What to produce: Shown below are entries with pictures; the line with "日日是好日:茶道带来的十五种幸福 小说(日日是好日茶文化)" through the line with "Superb Character Long House Longere - 2" is the span to retype exactly, and the pictures stay out.

Dataset content:

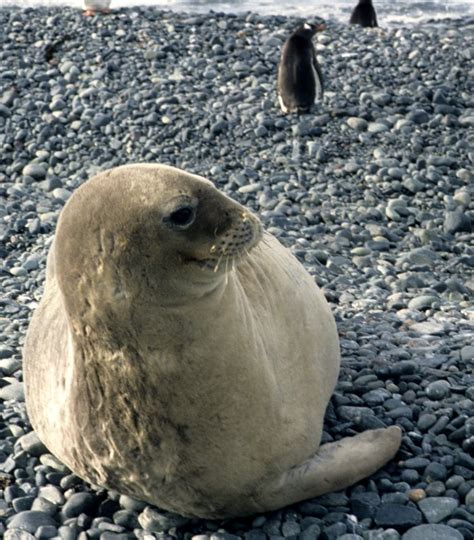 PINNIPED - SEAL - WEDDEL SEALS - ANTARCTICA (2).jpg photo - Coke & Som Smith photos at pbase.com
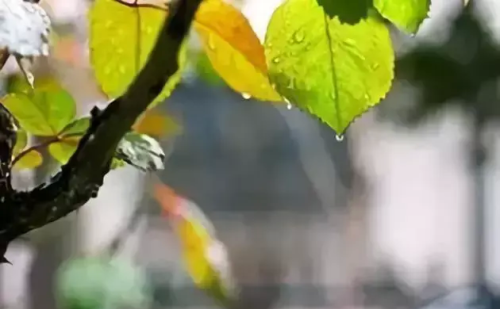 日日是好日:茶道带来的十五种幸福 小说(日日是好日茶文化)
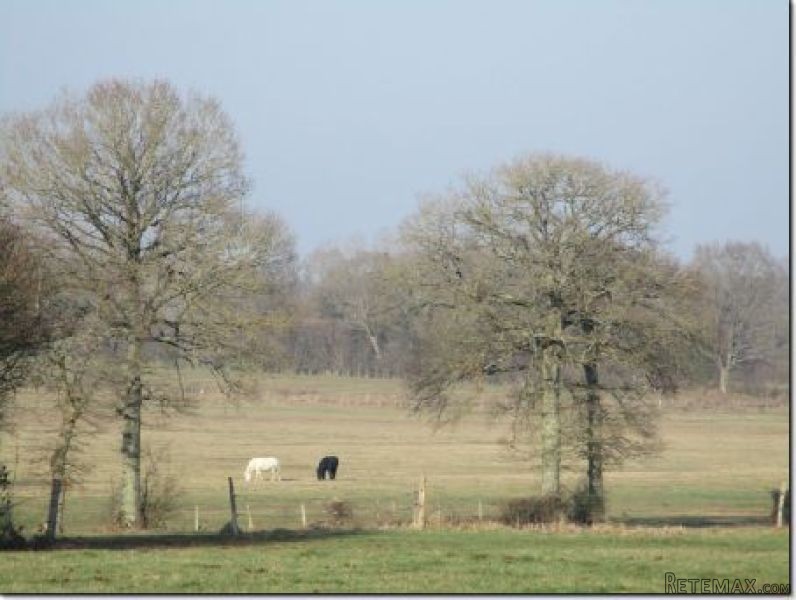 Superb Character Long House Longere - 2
==
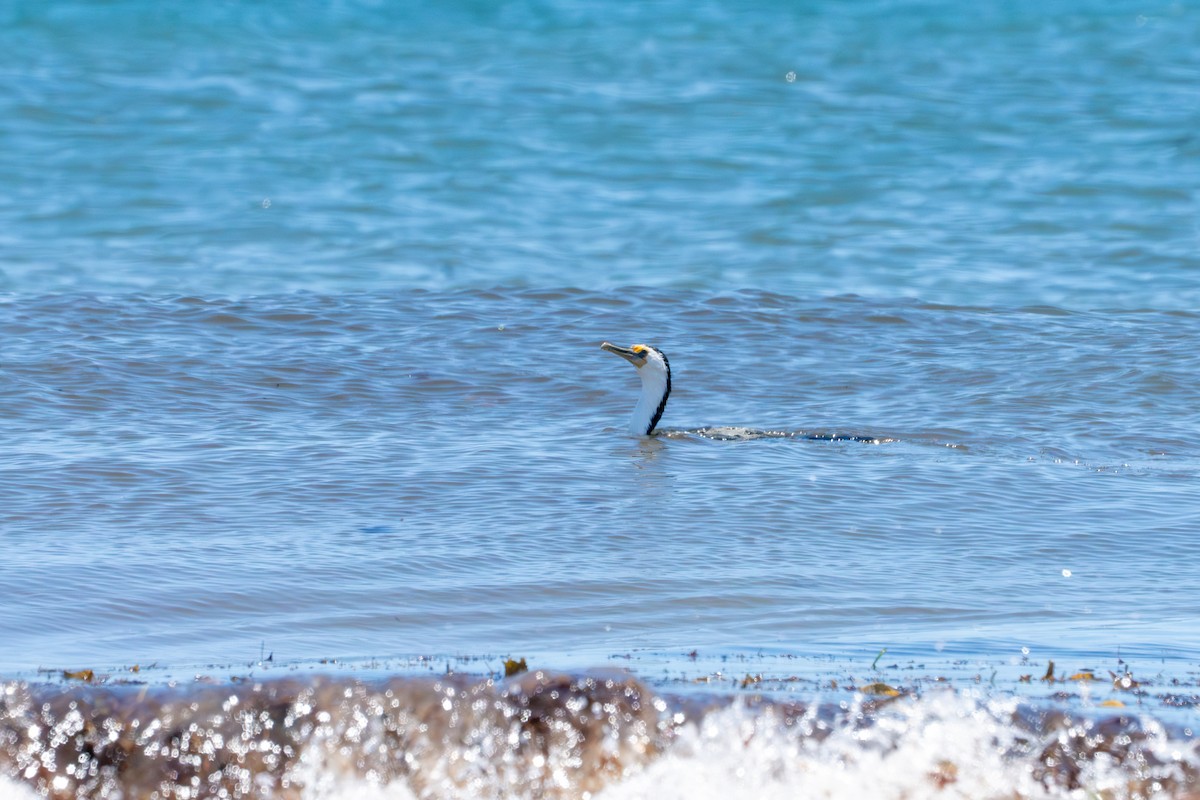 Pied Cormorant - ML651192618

Written answer:
 日日是好日:茶道带来的十五种幸福 小说(日日是好日茶文化)
 Superb Character Long House Longere - 2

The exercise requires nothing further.